(Records to process Opens)

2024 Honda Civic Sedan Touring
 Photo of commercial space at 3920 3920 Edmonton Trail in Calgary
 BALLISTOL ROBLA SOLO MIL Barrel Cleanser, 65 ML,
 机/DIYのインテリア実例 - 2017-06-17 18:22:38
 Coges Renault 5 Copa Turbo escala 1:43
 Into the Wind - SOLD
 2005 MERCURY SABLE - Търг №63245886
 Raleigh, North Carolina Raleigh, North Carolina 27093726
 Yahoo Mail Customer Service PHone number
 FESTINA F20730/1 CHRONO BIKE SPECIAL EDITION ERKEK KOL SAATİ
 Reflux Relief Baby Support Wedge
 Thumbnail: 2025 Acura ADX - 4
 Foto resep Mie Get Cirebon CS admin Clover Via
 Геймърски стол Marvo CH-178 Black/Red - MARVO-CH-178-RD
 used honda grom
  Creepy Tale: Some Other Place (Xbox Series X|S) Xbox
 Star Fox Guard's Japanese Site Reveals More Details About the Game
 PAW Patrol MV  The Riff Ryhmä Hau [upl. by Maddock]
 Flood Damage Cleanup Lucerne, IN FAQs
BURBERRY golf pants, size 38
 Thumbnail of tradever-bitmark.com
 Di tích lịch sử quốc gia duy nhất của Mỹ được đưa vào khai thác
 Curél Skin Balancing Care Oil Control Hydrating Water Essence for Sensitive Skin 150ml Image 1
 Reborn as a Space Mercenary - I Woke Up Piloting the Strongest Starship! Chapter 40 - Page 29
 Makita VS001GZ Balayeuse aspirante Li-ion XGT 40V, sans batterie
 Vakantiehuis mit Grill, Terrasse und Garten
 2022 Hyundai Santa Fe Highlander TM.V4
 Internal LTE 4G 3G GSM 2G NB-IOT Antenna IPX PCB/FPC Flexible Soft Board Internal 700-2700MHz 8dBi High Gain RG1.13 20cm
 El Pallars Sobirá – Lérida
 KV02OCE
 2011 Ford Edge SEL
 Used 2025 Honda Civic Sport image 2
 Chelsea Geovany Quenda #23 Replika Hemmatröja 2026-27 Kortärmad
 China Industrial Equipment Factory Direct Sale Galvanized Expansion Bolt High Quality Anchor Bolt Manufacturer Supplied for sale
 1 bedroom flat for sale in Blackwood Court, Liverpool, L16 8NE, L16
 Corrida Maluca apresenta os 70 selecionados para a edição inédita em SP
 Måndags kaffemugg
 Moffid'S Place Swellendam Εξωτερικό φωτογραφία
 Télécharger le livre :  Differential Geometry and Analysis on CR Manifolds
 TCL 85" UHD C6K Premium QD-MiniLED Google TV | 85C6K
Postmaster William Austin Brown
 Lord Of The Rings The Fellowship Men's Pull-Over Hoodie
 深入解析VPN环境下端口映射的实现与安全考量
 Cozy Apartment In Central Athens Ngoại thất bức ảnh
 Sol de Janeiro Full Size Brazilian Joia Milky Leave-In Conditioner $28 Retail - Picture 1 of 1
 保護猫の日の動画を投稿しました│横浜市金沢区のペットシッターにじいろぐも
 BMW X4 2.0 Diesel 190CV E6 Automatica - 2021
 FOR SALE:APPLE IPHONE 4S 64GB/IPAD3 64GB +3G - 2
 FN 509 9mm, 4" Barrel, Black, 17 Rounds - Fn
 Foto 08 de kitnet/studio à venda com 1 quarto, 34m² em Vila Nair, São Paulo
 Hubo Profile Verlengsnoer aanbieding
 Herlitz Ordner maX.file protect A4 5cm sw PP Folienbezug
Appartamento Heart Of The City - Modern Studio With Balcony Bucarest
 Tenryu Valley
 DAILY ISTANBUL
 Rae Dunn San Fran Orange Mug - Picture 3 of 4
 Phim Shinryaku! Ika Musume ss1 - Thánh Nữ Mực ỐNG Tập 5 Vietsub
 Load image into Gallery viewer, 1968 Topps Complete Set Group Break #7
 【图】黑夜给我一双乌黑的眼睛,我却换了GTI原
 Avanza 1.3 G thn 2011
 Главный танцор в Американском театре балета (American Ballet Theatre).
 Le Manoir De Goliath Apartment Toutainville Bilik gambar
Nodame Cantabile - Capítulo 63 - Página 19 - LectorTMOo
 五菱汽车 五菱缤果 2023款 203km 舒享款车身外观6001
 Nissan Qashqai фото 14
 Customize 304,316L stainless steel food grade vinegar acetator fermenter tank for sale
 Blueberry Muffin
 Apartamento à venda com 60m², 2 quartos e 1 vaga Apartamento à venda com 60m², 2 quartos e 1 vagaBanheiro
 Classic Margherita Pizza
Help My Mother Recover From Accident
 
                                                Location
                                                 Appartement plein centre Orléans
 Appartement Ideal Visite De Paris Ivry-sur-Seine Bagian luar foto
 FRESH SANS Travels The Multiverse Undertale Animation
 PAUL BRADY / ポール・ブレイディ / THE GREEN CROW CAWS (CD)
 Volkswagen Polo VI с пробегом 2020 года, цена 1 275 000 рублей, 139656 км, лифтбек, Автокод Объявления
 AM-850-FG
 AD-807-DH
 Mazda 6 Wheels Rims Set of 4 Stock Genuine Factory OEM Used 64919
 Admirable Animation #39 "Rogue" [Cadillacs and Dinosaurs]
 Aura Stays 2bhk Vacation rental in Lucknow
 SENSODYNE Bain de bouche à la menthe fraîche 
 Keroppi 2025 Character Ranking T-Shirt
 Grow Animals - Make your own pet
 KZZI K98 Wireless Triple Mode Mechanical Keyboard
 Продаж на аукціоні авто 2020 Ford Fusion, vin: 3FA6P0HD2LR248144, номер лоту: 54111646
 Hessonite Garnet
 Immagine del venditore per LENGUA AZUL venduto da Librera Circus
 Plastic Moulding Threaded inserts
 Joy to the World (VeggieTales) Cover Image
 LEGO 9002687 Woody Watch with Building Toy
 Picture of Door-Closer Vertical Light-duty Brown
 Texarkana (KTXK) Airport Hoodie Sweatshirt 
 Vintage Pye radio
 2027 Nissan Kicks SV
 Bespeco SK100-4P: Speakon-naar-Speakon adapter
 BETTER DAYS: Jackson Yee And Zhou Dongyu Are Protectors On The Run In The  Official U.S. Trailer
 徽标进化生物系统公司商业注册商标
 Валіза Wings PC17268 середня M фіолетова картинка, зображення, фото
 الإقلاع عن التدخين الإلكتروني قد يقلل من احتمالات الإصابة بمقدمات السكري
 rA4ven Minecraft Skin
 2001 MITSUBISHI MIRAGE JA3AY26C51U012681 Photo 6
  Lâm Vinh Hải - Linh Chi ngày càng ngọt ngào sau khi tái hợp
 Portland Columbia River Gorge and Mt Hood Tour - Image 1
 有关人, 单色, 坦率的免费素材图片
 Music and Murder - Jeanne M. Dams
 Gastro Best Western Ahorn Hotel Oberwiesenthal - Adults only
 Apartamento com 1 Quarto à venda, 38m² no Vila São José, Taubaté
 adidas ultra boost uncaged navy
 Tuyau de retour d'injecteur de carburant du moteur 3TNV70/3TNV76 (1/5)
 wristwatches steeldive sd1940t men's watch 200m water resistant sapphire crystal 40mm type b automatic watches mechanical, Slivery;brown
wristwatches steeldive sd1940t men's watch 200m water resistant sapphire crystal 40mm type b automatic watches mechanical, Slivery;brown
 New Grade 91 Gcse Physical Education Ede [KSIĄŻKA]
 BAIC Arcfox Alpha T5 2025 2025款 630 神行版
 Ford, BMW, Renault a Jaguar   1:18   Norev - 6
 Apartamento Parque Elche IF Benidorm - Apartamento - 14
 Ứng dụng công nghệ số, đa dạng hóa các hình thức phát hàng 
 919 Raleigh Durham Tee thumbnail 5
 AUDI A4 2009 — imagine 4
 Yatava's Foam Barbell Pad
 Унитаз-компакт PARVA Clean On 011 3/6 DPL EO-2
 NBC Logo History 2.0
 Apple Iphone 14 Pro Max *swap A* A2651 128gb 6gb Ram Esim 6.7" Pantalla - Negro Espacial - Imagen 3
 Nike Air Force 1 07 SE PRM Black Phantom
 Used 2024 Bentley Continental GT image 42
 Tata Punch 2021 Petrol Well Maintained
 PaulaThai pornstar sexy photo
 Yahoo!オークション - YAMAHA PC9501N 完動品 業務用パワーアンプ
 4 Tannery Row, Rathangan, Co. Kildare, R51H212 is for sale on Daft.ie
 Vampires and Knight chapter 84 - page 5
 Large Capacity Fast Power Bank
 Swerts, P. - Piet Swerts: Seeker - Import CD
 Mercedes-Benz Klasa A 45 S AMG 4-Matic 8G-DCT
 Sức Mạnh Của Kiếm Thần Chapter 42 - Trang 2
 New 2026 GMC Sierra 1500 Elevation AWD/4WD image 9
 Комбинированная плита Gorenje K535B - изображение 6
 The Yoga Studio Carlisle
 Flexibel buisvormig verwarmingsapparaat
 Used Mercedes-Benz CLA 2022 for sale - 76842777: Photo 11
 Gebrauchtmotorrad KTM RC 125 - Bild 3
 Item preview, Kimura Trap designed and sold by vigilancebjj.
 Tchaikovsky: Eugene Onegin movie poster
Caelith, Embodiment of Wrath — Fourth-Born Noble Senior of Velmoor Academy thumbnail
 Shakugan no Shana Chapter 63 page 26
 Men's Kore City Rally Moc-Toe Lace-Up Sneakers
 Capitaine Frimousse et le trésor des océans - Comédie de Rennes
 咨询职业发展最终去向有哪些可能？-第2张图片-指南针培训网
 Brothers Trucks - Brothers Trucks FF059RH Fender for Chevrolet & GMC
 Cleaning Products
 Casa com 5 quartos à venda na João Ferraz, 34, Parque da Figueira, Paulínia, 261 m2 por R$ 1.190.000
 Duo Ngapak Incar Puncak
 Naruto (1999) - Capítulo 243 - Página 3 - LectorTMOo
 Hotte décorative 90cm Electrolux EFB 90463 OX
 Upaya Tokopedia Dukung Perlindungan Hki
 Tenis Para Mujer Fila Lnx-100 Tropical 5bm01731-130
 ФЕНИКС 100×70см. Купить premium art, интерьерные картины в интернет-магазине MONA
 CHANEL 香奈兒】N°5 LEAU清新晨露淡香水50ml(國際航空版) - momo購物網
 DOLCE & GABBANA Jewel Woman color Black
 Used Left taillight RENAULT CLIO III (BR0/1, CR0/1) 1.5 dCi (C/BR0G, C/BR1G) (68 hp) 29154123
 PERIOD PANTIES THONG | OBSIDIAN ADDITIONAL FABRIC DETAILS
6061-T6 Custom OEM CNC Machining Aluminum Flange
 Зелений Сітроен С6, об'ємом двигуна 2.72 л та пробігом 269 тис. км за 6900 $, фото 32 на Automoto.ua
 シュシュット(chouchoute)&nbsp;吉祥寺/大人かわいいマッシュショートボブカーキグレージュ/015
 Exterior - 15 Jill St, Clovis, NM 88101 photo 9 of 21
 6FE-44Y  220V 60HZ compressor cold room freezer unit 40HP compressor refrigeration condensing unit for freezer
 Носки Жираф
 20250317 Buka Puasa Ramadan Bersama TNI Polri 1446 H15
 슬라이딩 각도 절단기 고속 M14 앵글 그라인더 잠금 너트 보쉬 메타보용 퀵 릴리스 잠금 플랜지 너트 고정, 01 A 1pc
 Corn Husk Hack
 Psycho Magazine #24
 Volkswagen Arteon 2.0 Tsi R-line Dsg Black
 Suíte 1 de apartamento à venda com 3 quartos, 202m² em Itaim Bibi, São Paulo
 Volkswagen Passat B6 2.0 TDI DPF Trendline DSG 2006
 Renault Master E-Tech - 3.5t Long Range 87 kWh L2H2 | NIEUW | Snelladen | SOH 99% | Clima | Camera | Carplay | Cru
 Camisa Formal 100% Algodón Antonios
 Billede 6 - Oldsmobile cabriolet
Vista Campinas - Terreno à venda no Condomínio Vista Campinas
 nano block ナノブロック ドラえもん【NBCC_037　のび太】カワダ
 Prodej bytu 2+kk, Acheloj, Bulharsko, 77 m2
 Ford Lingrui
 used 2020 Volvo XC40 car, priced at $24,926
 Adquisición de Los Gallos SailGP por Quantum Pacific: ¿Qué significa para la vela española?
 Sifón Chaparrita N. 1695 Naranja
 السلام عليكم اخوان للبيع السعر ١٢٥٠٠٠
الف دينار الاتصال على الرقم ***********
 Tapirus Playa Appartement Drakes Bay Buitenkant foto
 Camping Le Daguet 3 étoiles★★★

(Records to process Closes)

Assignment: Start at the first line of the material. Reproduce every line exactly, ending with the line that holds "Yahoo Mail Customer Service PHone number".

Answer to this task:
2024 Honda Civic Sedan Touring
 Photo of commercial space at 3920 3920 Edmonton Trail in Calgary
 BALLISTOL ROBLA SOLO MIL Barrel Cleanser, 65 ML,
 机/DIYのインテリア実例 - 2017-06-17 18:22:38
 Coges Renault 5 Copa Turbo escala 1:43
 Into the Wind - SOLD
 2005 MERCURY SABLE - Търг №63245886
 Raleigh, North Carolina Raleigh, North Carolina 27093726
 Yahoo Mail Customer Service PHone number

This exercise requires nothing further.